History
See also: RaveAfter the emergence of the Acid House parties in the late 1980s up to 4,000 people were known to attend a rave. These events happened almost every weekend. The noise and disturbance of thousands of people appearing at parties in rural locations, such as Genesis '88, caused outrage in the national media. The British government made the fine for holding an illegal party £20,000 and six months in prison.

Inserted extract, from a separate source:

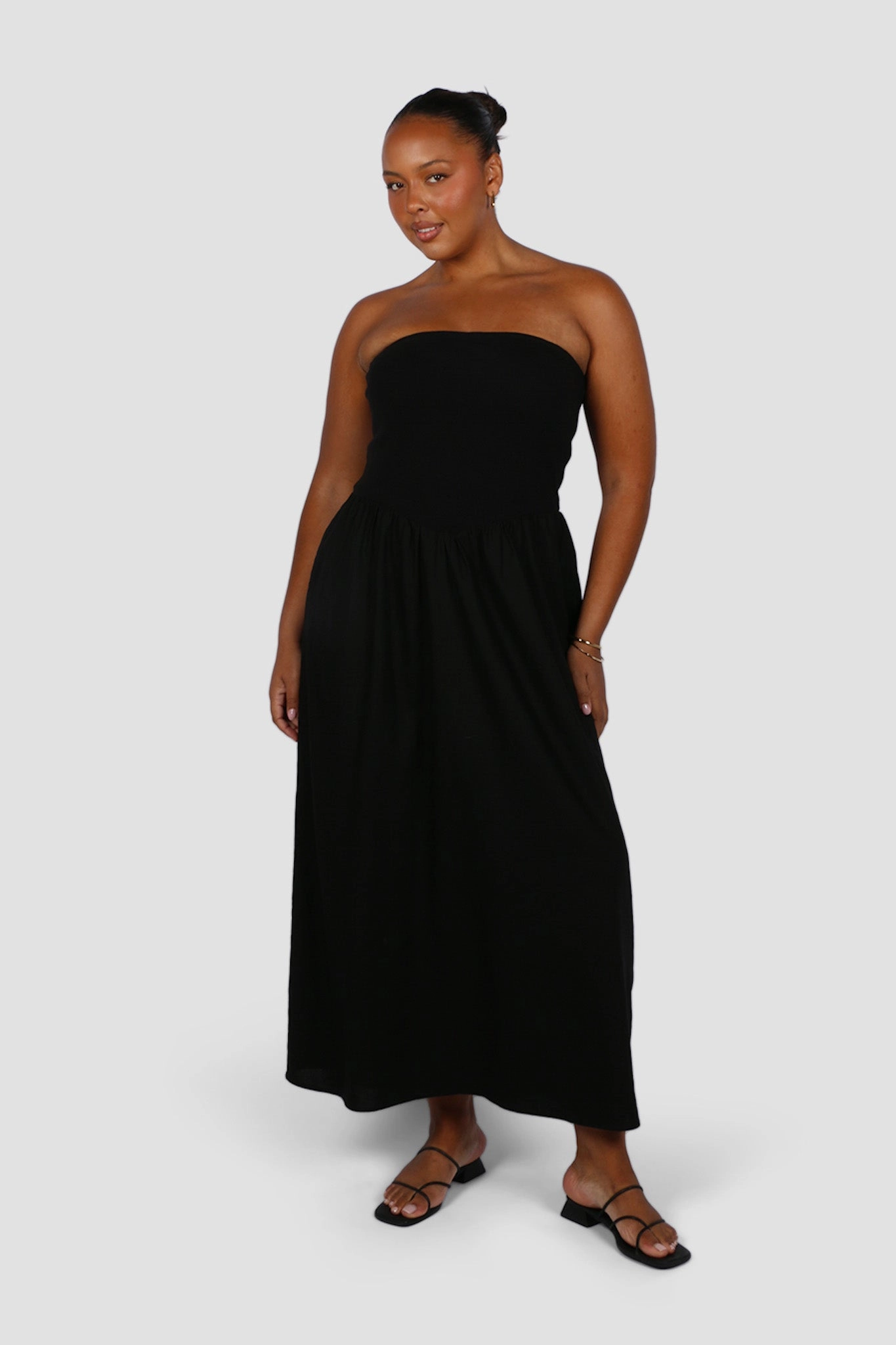 VELLA DRESS BLACK City Essential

Police crackdowns on these often-illegal parties drove the scene into the countryside. The word "rave" somehow caught on to describe these semi-spontaneous weekend parties occurring at various locations outside the M25 Orbital motorway that now attracted up to 25 000. It was this that gave the band 'Orbital' their name. Sounds systems from this time include Spiral Tribe and DiY.
In the 1990s raves began to expand into a global phenomenon. Around 1989-1992 people who had travelled to attend the first raves began setting up promotion companies in each region to organize their own parties. This happened on a grassroots basis, often informally. By the mid-1990s, major corporations were sponsoring events and adopting the scene's music and fashion for their "edgier" advertising, making the scene become more commercialized.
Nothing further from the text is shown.